--- TASK GOAL ---
Drop the pictures; give again exactly the lines from the one holding "You will see the" through the end of the data.

Stored data
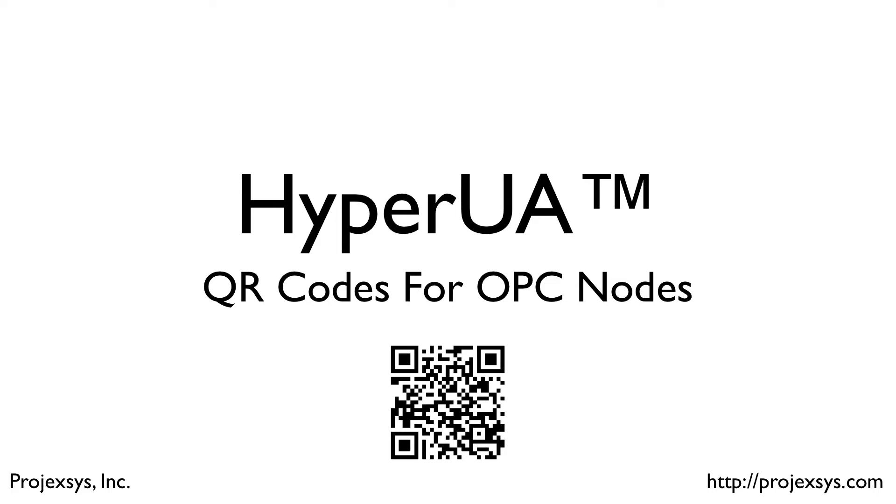Hyper-UA, a product of Projexis Incorporated, provides RESTful web connectivity to OPC-based industrial applications.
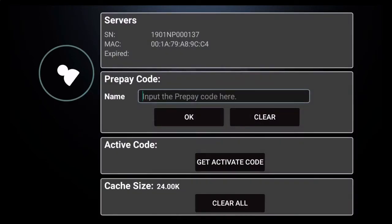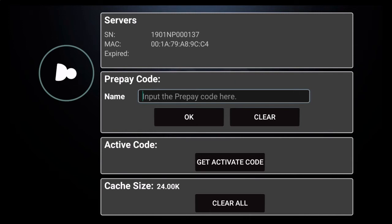Now when you open up the account screen, you'll notice that your cursor is blinking inside the section that says input the prepay code here. This is where you'll want to input the prepay code that you received from your service provider.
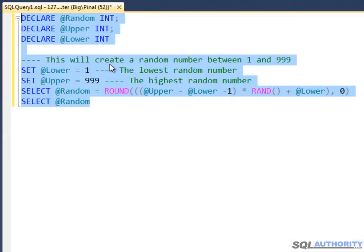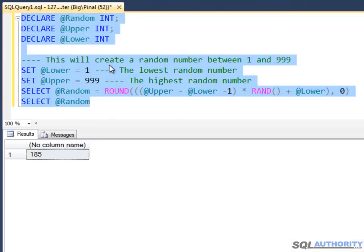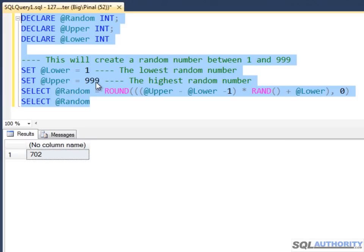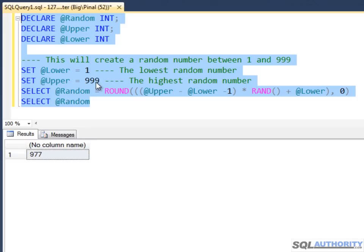You will see the value 185, which is between 1 and 999. Now execute it multiple times and you will see you are getting a different value every single time. Please see the associated blog post to see more tricks with random numbers.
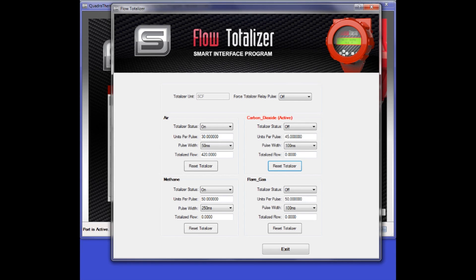The Quadrotherm Flow Totalizer provides a powerful new tool for meter data collection. By utilizing its available functionality, accumulated flow for all four gas mixes loaded into the meter can be accurately and reliably determined.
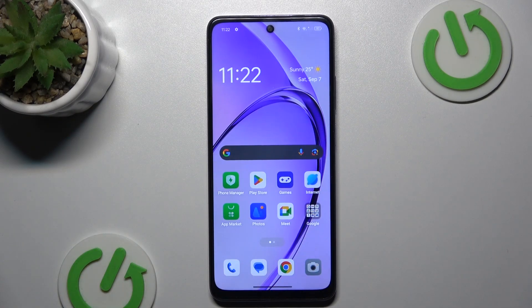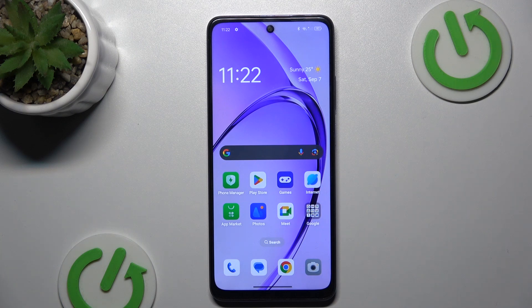Hey guys, welcome to Hardest Info Channel. Today I have the Oppo A80 and I want to show you how to delay clicks on this device.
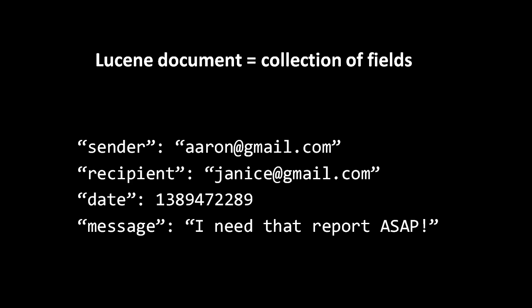Lucene is often called schema-less because we don't have to specify what our data will look like ahead of time. At any time we can add a document with fields of any name, and the postings list for each field simply gets created as needed.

--- RESULT FOR THIS TASK ---
You will see the value 185, which is between 1 and 999. Now execute it multiple times and you will see you are getting a different value every single time. Please see the associated blog post to see more tricks with random numbers.
The Quadrotherm Flow Totalizer provides a powerful new tool for meter data collection. By utilizing its available functionality, accumulated flow for all four gas mixes loaded into the meter can be accurately and reliably determined.
Hey guys, welcome to Hardest Info Channel. Today I have the Oppo A80 and I want to show you how to delay clicks on this device.
Lucene is often called schema-less because we don't have to specify what our data will look like ahead of time. At any time we can add a document with fields of any name, and the postings list for each field simply gets created as needed.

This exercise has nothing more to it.